#### Source material:
#####
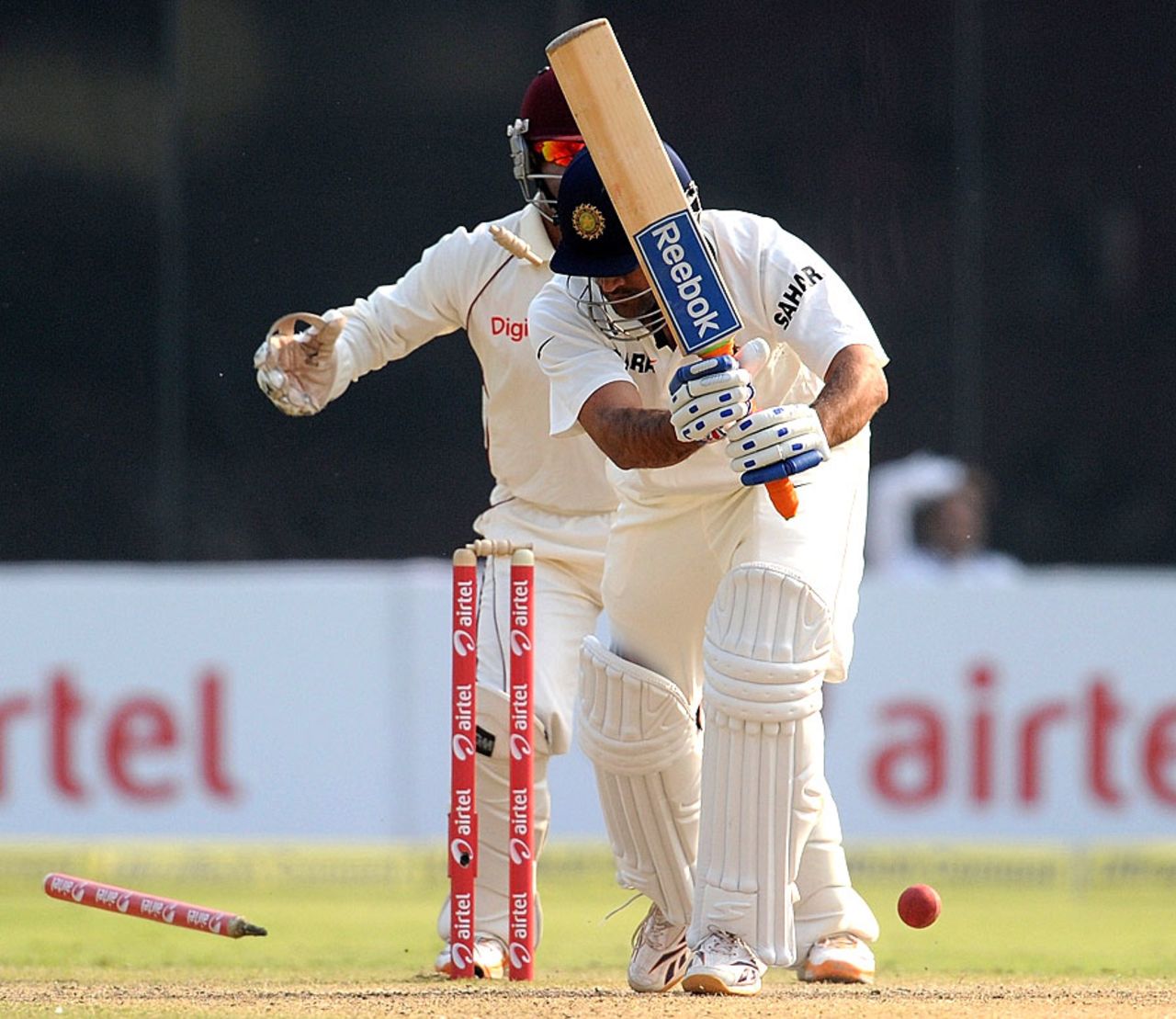 MS Dhoni loses his off stump to Darren Sammy, India v West Indies, 1st Test, New Delhi, 2nd day, November 7, 2011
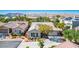 Aerial view of house showcasing desert landscape with mountains in the background at 5017 Kaibab Forest Ave, Las Vegas, NV 89141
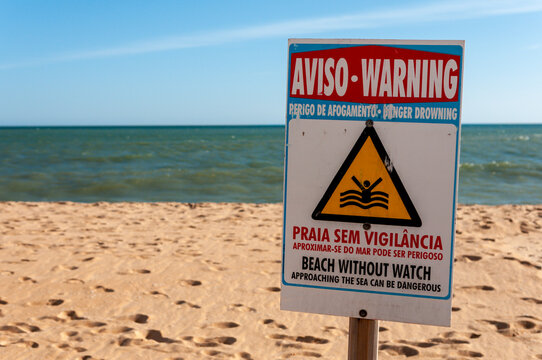 Sign warning visitors that there are no lifeguards on duty and that the sea can be dangerous, Vilamoura, Algarve, Portugal.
#####
What this calls for is a word-for-word copy of the listing above, pictures excluded.

 MS Dhoni loses his off stump to Darren Sammy, India v West Indies, 1st Test, New Delhi, 2nd day, November 7, 2011
 Aerial view of house showcasing desert landscape with mountains in the background at 5017 Kaibab Forest Ave, Las Vegas, NV 89141
 Sign warning visitors that there are no lifeguards on duty and that the sea can be dangerous, Vilamoura, Algarve, Portugal.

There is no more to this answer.